**PROBLEM STATEMENT:** Show every line in the material below in which the string "Leather" appears.

━━━━━ INPUT DATA ━━━━━

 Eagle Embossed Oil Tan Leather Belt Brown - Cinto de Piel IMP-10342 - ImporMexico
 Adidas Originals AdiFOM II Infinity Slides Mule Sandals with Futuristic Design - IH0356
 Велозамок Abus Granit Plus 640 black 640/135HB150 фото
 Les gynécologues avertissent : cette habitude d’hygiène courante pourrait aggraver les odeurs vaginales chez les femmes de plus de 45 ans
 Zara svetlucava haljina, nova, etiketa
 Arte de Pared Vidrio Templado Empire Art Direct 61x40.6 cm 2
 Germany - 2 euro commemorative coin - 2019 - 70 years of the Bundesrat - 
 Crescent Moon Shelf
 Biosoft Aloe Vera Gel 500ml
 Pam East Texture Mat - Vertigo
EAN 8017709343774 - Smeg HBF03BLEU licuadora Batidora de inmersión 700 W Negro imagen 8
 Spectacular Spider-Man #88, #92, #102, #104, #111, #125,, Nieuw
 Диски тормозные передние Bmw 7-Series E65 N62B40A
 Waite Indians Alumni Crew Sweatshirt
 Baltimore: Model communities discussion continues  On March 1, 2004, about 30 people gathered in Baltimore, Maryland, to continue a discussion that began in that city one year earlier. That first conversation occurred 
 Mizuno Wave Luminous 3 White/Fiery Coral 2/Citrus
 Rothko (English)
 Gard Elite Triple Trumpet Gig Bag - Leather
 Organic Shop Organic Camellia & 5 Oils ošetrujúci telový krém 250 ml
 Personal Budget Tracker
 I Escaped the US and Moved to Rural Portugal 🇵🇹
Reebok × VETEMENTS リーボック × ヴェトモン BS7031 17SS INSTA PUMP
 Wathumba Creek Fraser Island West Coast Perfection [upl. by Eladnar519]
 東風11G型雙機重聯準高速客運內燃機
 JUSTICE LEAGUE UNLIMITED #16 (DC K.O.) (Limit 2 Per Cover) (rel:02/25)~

━━━━━

**ANSWER BOX:**
 Eagle Embossed Oil Tan Leather Belt Brown - Cinto de Piel IMP-10342 - ImporMexico
 Gard Elite Triple Trumpet Gig Bag - Leather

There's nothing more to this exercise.